In a 1983 essay on À la recherche du temps perdu for Scripsi, Malouf writes: ‘All the years and events of what is to be unfolded are contained in that timeless suspension of time with which the book opens; the great sad changes, discoveries, disappointments and losses to come are already there in the elegiac note it sounds, which is also the medium of their recovery.’For Malouf, too, memory is a medium of recovery: in memory, forfeited possibilities flourish at last. The poem ‘Retrospect’ opens these dream perspectives into the past. It starts,

A day at the end of winter. Two young men,
hooded against the silvery thin rain

that lights the forest boughs, are making towards
a town that at this distance never gets closer.

One of them not me, as he turns, impatient
for the other to catch up, wears even now when I meet
     his face

in dreams, the look of one already gone, already gone
too far into the forest; as when, last night

in sleep, I looked behind me out of the queue for an old
      movie and you
were there …

This radiant and strange poem seems to me to work at the centre of Malouf’s art. The poem starts like a story, but this one, which appears real, is built from memories and dreams. It works between the two realms: realms those long lines first set apart and then fold together. ‘Even now when I meet his face’ appears to ground the memory in immediate life – a place transformed by the start of the next stanza (‘in dreams’).

Malouf’s writing is often shaped by the realisation of myth in everyday life.
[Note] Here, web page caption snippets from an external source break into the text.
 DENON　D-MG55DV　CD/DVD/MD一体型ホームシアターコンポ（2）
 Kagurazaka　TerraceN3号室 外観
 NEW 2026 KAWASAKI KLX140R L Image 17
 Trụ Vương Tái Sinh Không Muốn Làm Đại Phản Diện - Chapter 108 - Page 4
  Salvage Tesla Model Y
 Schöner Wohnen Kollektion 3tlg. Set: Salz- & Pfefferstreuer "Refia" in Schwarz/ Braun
This poem recalls Ovid’s account of Orpheus and Eurydice – the poet who looked back too soon and left his beloved in the underworld. That myth concentrates much of what Malouf is wondering about in this collection: about what memory can do, and poetry; and also what the earth keeps for itself. Earth, as he puts it in the title poem: ‘our green accommodating tomb.’

‘He is eighty.’ In this collection Malouf returns to the ground of ‘Early Discoveries’. There is still a child in the garden: Earth Hour is lit up by memories of childhood and youth. ‘Touching the Earth’, first in the sequence ‘Garden Poems’, brings the young man’s and the old man’s perspectives in play: ‘Spring, when a young man’s fancy turns, / fitfully, lightly, to idling in the sun,/ to touching in the dark. And the old man’s? // To worms in their garden box …’ Here, Malouf sets these perspectives in play like two musical themes. The lines turn from quick light rhythms to low-pitched, slow-paced, one-syllable words. It is this that makes the poem intimate, its form inward to the turns of a mind thinking.

Beyond even memories of childhood, the collection is concerned with what Malouf in the poem ‘Radiance’ calls ‘the mutinous struck infant / in us’. Malouf’s radiant novel An Imaginary Life (1978) takes dramatic force from the encounter between an old man’s perspective and the experience of a child. These poems are alike concerned with that encounter: between what works in language and what persists beyond its reach. That opposition gives dramatic force to Earth Hour’s lyric poems. Take the book’s first poem, ‘Aquarius’:

             … This is the day,
we tell ourselves, that will not end, and stroll
enchanted through its moods as if we shared
its gift and were immortal, till something in us
snaps, a spring, a nerve. There is more to darkness
than nightfall. Caught reversed in a mirror’s lens,
we’re struck by the prospect of a counterworld
to so much stir, such colour; loved animal
forms, shy otherlings our bodies turn to
when we turn towards sleep; like us the backward
children of a green original anti
-Eden from which we’ve never been expelled.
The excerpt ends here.